[Web page caption snippets]

=====

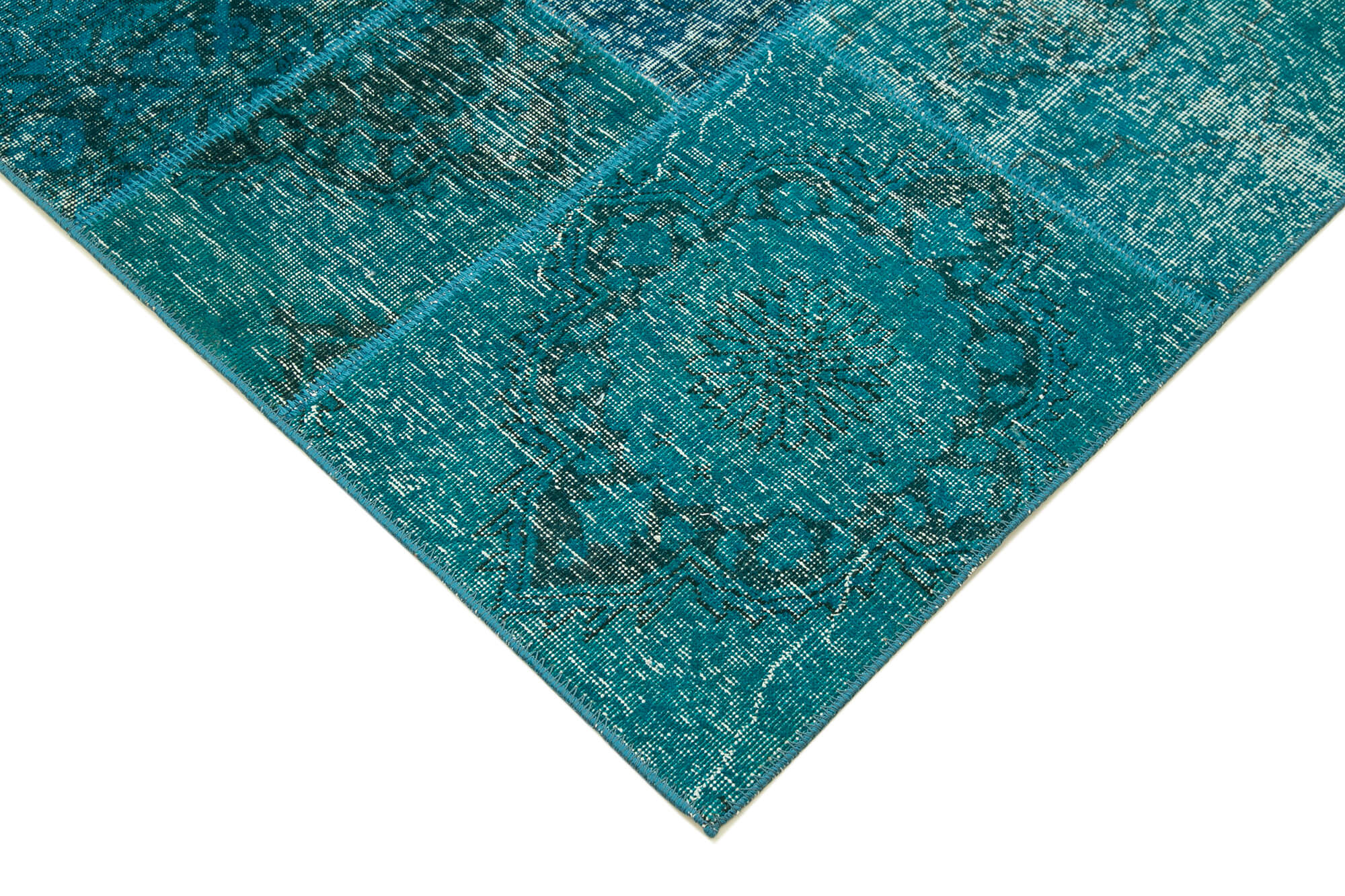 Hand-knotted oriental overdyed 200 cm x 298 cm turquoise patchwork rug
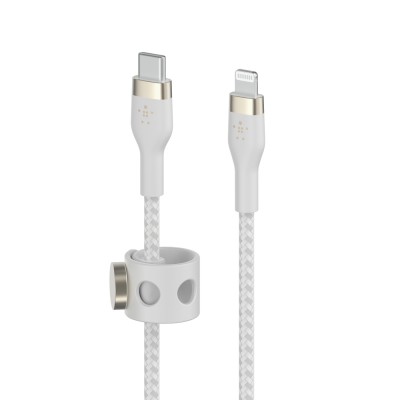 Кабель USB-C > Lightning заряджання/синхронізації Belkin 1м, Type-C, плетений, силіконовий, з ремінцем на магніті, білий (CAA011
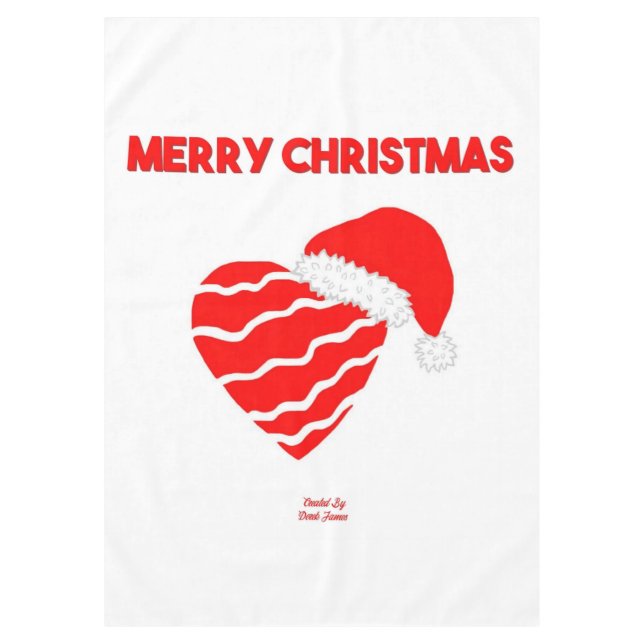 Christmas Santa Heart Tablecloth (Front)
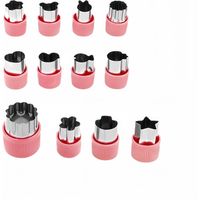 Ensemble de 12 emporte-pièces pour légumes - Emporte-pièces pour biscuits, moule à fruits, emporte-pièce pour chocolat, moule à décoration de gâteaux (rose)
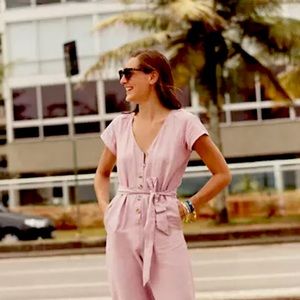 Madewell Pink linen belted jumpsuit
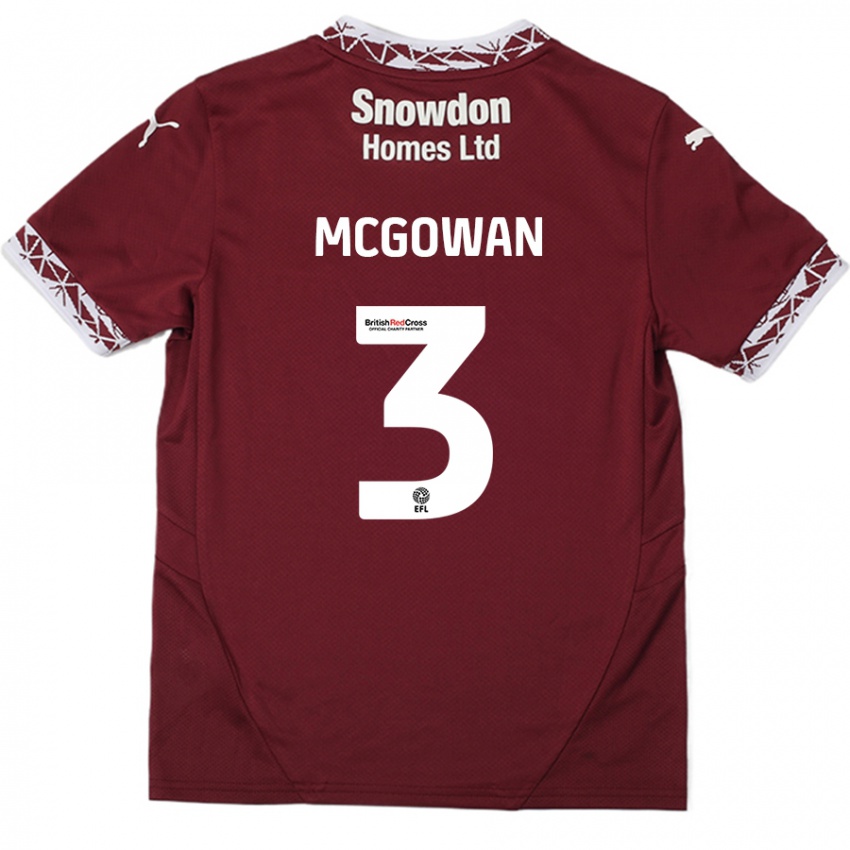 Lapset Aaron Mcgowan #3 Burgundia Kotipaita 2024/25 Lyhythihainen Paita T-Paita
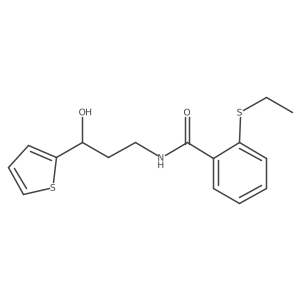 2-(ethylthio)-N-(3-hydroxy-3-(thiophen-2-yl)propyl)benzamide结构式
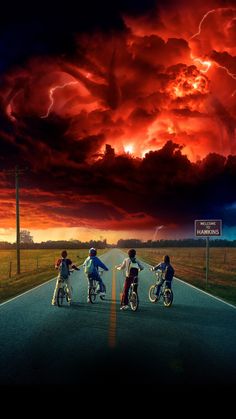 three people riding bikes on a road under a red sky with lightning in the background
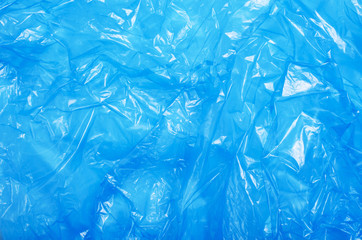 Obraz premium Blue Plastic Bag, Crumpled Cellophane Texture Background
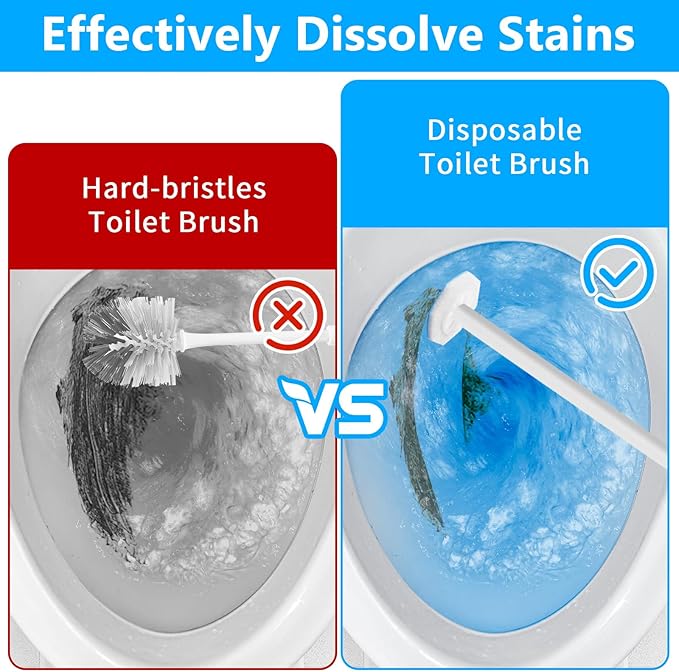 Kifmurase 100 Pcs Toilet Wand Refills Disposable Toilet Brush Replacement Heads, Disposable Sponge Refill Heads Household Cleaning Bathroom Cleaners Compatible with Most Toilet Brushes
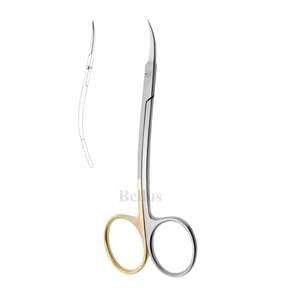 Professional TC LaGrange Scissors Gold Handle Curved Surgical Shears Dental Gum Tissue Scissor Stainless Steel Micro Instruments - Product Image 1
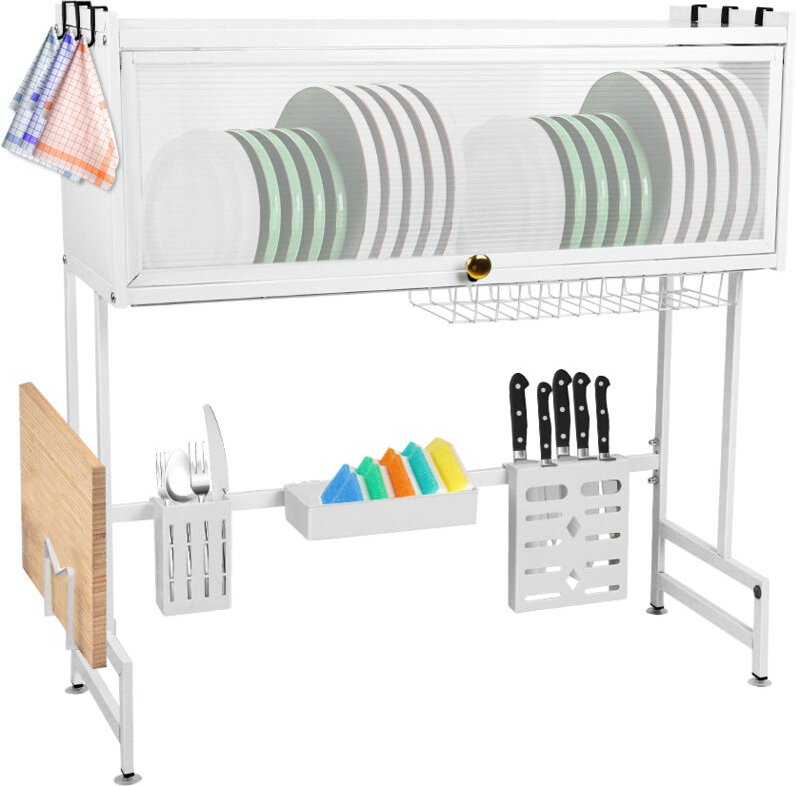 Abtropfgestell über der Spüle Ablage über der Spüle Aufbewahrungsorganisator 75x30x78cm Weiß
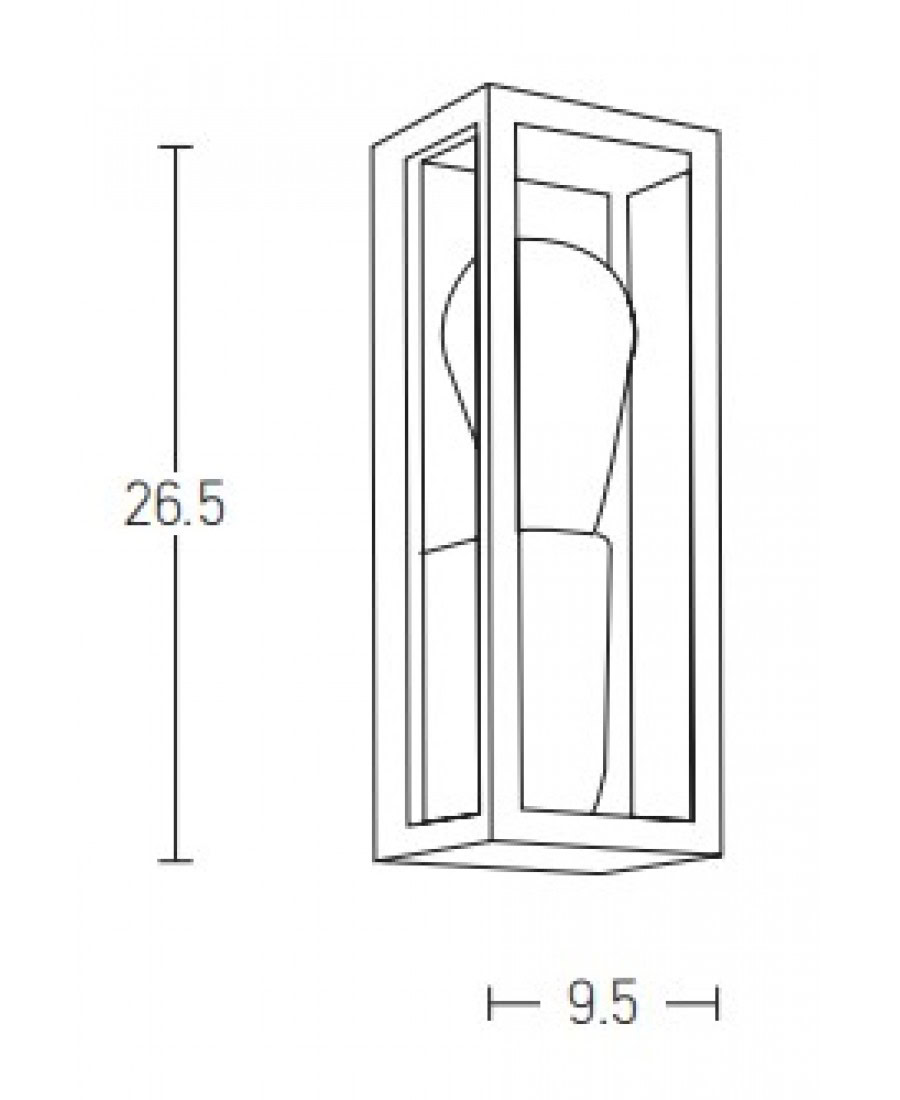 E201 OUTDOOR SCONCE 1XE27 BLACK IP65 Zambelis Lights
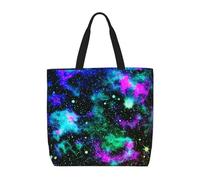 asbwuo Borsa multiuso con cerniera blu e verde galassia neon, borsa a tracolla idrorepellente, elegante borsa per la spesa e da lavoro stampata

=====

Instructions to follow
Only the lines from the one that holds "Abtropfgestell über der" through the end of the records above should be printed again, exactly as they are. Leave out the pictures.

Response below
 Abtropfgestell über der Spüle Ablage über der Spüle Aufbewahrungsorganisator 75x30x78cm Weiß
 E201 OUTDOOR SCONCE 1XE27 BLACK IP65 Zambelis Lights
 asbwuo Borsa multiuso con cerniera blu e verde galassia neon, borsa a tracolla idrorepellente, elegante borsa per la spesa e da lavoro stampata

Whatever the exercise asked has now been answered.